Il punto 4 è il punto dolente, per tutti. Per chi ha giustificato, chi ha compreso, chi ha appoggiato, chi ha condannato. Nel mio piccolo, ho tentato di spostare l'asse della discussione sulle cause della protesta generalizzata, del ricorso alla violenza di molti, se vogliamo troppi, manifestanti. Sulle cause della protesta è inutile tornarci su. Sono le reazioni che mi hanno lasciato e mi lasciano perplesso e spesso mi fanno incazzare. Anche i più attenti commentatori si sono lasciati prendere la mano più dagli scontri che dalle cause. A mio parere, questi sì, che hanno fatto il gioco dei padroni. Se ci fossimo concentrati, dopo le condanne dei fatti, sul perché una così gran massa di giovani scende in piazza e sceglie forme di lotta non consone a una democrazia, sarebbe stato meglio. Ma non fa comodo a nessuno sparare sulle proprie idee. Né alla maggioranza che ha ridotto questa democrazia ad un simulacro, né all'opposizione che non è riuscita a fare nulla per fermare questo massacro. Come età devo usare determinati tempi verbali, ovvero stiamo lasciando un paese ai nostri figli che non dà loro alcun futuro, alcuna sicurezza, nemmeno nei principi di vita. 
Qualcuno inizierà a preoccuparsi se si torna massivamente a pensare che con le buone non si ottiene nulla? Torno su questa frase perché la reputo, per me, importante. La massa, già spaventosa di per sé, può spaventare ancor di più quando fa proprio un pensiero aprioristicamente.
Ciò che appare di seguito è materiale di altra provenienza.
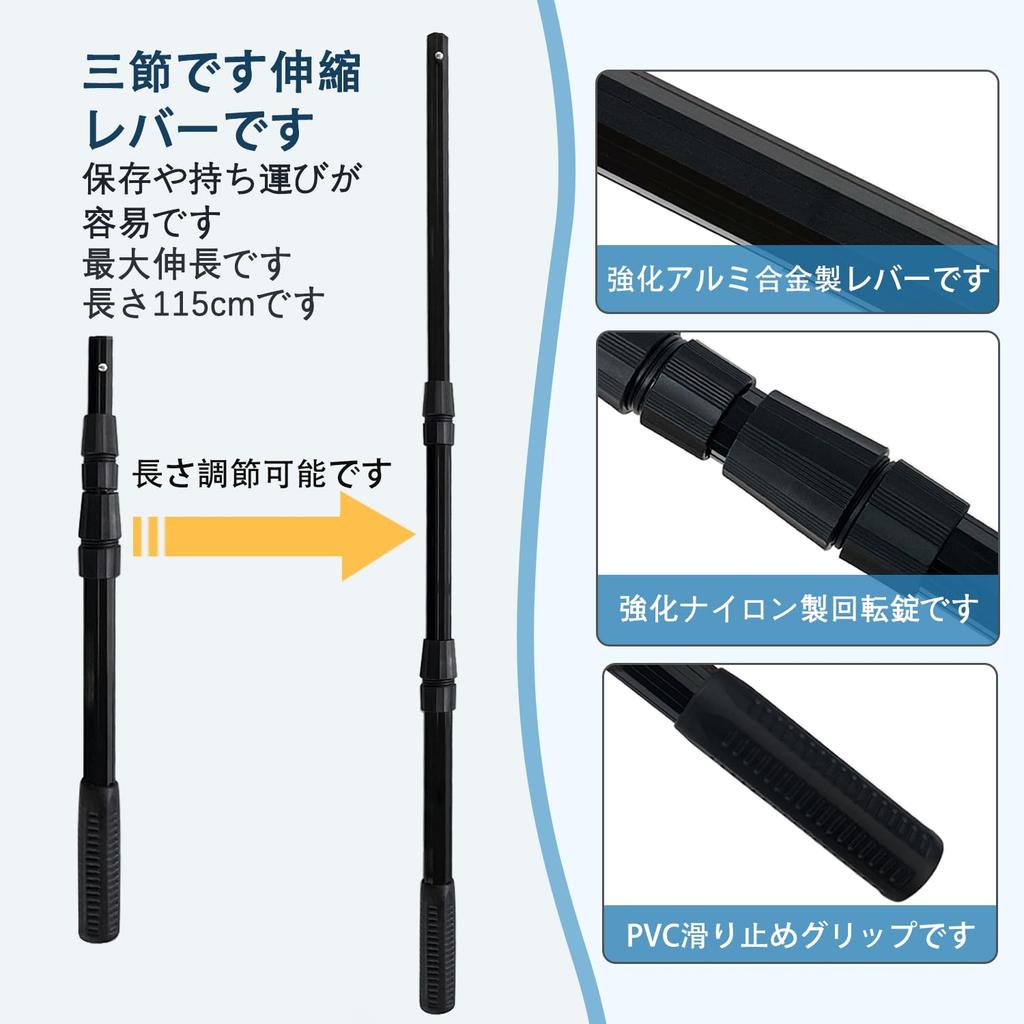 PRO FISHING Extendable Rubber Fishing Net Landing Net for Medium to Large Fish Lightweight Aluminum Body Portable Fishing Net Gasagasa Net Hexagonal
Può generare esiti non più controllabili. Se tanti giovani si sono ritrovati ad appoggiare o non condannare azioni violente vuol dire che si sta superando la soglia d'allarme, forse la si è già superata. E se non si danno risposte alle domande di chi protesta ma ci si limita solo a commentare gli effetti della protesta stessa, e si è atteso che la violenza si manifestasse si è molto più colpevoli. 

La differenza con la manifestazione di ieri, se accettiamo la logica dello scontro frontale, è che non c'è stata la partecipazione della quasi totalità dei manifestanti che erano altrove. E se iniziassimo a riflettere anche su questo?
Sono passati cinque anni, sono cambiati i governi ma la situazione è sempre la stessa.

2 commenti:

Ernest ha detto...

Caro Gap queste sono le parole che si vorrebbero sentire in giro, leggere sulla stampa e invece...

nonno enio ha detto...

bisognerebbe lasciare mano libera ai commercianti danneggiati di difemdersi in ogni modo e forma, se ne vedrebbero delle belle e sti coglioni che mettono a ferro e fuoco una città ci penserebbero 2 volte a incappucciarsi.... dateci mano liberra la prossima volta e poi vediamo cosa succede!!!!!! i danni chi ce li paga?????